- WHAT THE TASK REQUIRES:
In the material below, the required lines run from the one containing "Wideleg denim capris" through the one containing "Gracie Bon zeigt". Copy those lines exactly, ends included, and nothing else.

- SOURCE DATA:
────────────────────────────────────────

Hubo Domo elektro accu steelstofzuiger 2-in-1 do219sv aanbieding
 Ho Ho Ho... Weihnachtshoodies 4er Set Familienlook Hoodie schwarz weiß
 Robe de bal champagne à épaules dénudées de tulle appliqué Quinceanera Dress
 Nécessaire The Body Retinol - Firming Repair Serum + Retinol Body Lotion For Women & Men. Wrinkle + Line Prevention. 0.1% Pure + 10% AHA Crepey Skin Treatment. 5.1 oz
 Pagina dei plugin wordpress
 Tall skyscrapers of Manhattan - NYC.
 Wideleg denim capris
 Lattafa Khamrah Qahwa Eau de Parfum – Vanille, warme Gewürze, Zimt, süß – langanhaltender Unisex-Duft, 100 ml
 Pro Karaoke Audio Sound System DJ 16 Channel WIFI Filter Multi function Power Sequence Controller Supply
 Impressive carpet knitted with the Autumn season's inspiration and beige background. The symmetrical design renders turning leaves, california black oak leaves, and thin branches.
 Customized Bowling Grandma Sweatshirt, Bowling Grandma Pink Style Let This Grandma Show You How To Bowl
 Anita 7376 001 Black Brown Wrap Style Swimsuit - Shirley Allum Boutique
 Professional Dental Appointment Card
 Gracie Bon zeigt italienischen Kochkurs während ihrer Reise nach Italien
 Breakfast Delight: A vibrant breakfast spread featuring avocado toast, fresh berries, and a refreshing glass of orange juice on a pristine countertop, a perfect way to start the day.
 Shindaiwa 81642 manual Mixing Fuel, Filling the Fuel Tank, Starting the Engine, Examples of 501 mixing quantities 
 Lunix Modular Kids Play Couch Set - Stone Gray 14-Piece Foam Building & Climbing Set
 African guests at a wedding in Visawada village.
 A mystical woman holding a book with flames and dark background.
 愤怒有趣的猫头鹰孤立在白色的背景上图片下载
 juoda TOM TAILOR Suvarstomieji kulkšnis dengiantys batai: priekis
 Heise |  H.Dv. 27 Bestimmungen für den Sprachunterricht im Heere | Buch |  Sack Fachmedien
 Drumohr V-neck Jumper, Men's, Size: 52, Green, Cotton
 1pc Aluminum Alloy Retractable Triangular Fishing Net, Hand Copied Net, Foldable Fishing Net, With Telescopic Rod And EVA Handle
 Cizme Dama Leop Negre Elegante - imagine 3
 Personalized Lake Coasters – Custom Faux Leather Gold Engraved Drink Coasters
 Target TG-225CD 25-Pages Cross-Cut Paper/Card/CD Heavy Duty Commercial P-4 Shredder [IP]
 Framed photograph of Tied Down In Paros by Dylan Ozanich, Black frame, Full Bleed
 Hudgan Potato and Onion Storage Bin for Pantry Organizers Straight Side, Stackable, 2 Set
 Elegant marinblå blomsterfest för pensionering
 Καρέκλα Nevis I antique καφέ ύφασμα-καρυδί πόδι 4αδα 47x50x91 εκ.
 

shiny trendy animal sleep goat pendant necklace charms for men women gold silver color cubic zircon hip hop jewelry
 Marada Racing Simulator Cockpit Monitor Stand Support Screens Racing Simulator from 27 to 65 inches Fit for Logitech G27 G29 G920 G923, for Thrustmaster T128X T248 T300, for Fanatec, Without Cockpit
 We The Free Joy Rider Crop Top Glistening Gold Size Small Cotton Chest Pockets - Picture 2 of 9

────────────────────────────────────────

- RESULT:
 Wideleg denim capris
 Lattafa Khamrah Qahwa Eau de Parfum – Vanille, warme Gewürze, Zimt, süß – langanhaltender Unisex-Duft, 100 ml
 Pro Karaoke Audio Sound System DJ 16 Channel WIFI Filter Multi function Power Sequence Controller Supply
 Impressive carpet knitted with the Autumn season's inspiration and beige background. The symmetrical design renders turning leaves, california black oak leaves, and thin branches.
 Customized Bowling Grandma Sweatshirt, Bowling Grandma Pink Style Let This Grandma Show You How To Bowl
 Anita 7376 001 Black Brown Wrap Style Swimsuit - Shirley Allum Boutique
 Professional Dental Appointment Card
 Gracie Bon zeigt italienischen Kochkurs während ihrer Reise nach Italien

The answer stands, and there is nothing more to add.